Thanks for your great review Hyunsik, great to hear from you!
I really appreciate your input! You successfully named ALL of my concerns! My biggest is the IO formats which, as you said, are completely depended on MRv1. Your idea was exactly the approach I was planning on.
As for your 1. concern, yes this is a draft version and the new one (don't even have a patch up yet but I will soon to show you) will be completely configurable from the GiraphRunner CLI options.
for 2. concern: There is a need for history and a number of other basic systems we get from MRv1 right now. Because of the timing (I am trying to finish this phase before the end of march) I may attmept to make
GIRAPH-13 just cover the following upgrade: a YARN profile for Giraph, including the ability to run examples/ applications from the Giraph jar-with-dependencies, on YARN. I hope to make all other "fleshing out" of the features in more separate JIRAs or subissues. This sort of bounds in the difficulty for this first stage, and enables others to start working the feature-add JIRA's without having to know all about YARN.
The exciting thing is that the YARN API allows a much finer grained control of a lot of our BSP process than Hadoop ever did.

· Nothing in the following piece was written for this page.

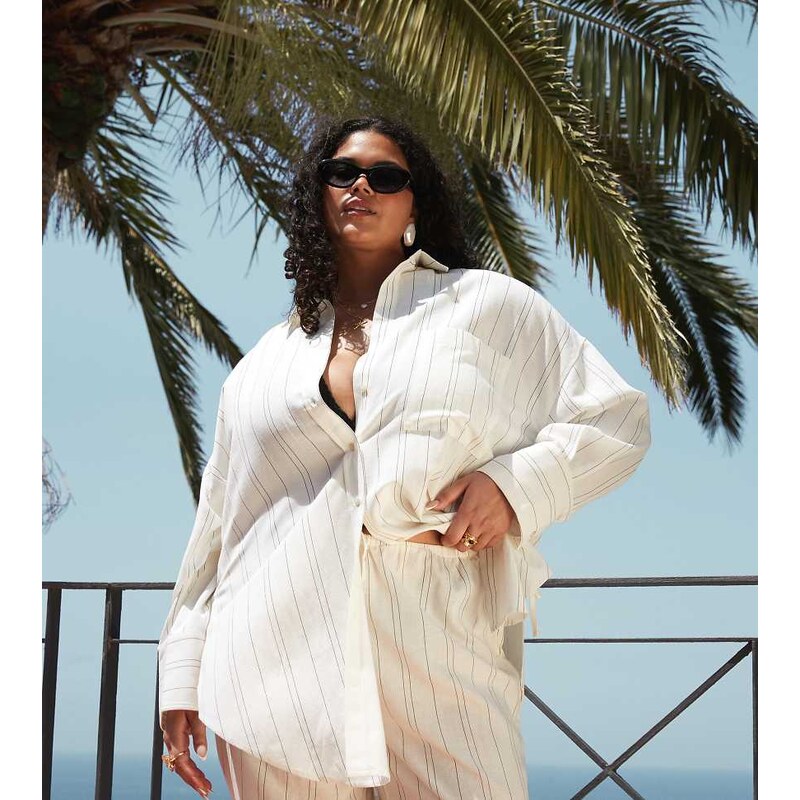 ASOS Curve ASOS DESIGN Curve Belle tie side beach shirt cover up in 115511268
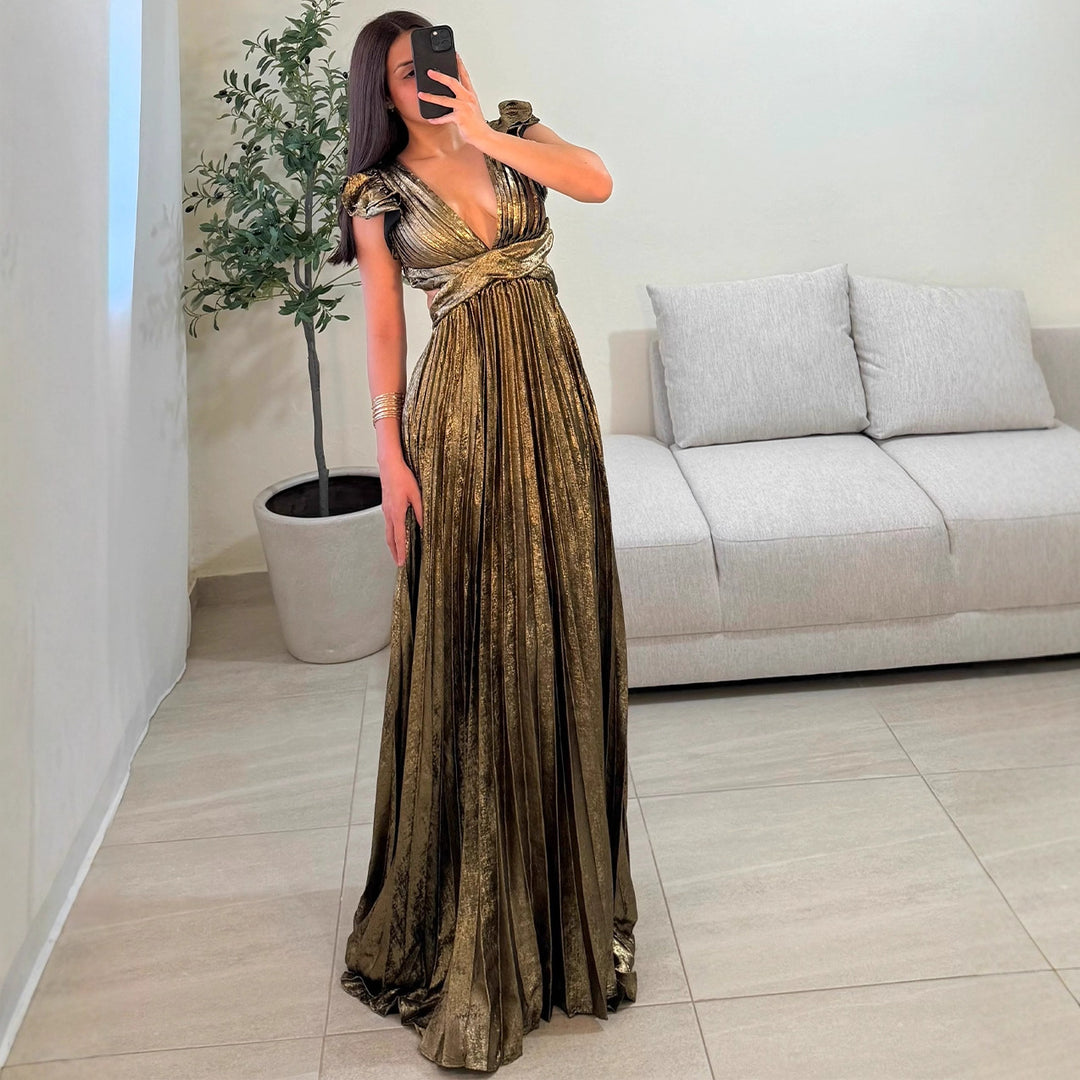 Damen Glamouröses Plissee-Maxikleid mit tiefem V-Ausschnitt und Puffärmeln R&B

And I too was thinking, after this a port to Mesos (or wherever) is going to be really easy! We might as time passes consider moving the launch of our zookeeper instance into the ApplicationMaster, doing more fine-grained resource allocation control (assign input splits right at the beginning of the job run, assign hosts to the workers as we choose for data locality, allot memory and/or cores depending on the size of the splits we assign etc.) the options really open some doors.
BUT, even to just make the exmaples run, the IO problem must be solved. I do think wrapping the MRv1 related functions (stuff that needs a TaskAttemptContext or Job-type classes from Hadoop and more) is the way to go, but I sure appreciate any ideas you might have?
Anyway, I will put up another patch hopefully tonight or tomorrow that is another significant upgrade from what you saw here so far. All input and ideas are appreciated, thanks again!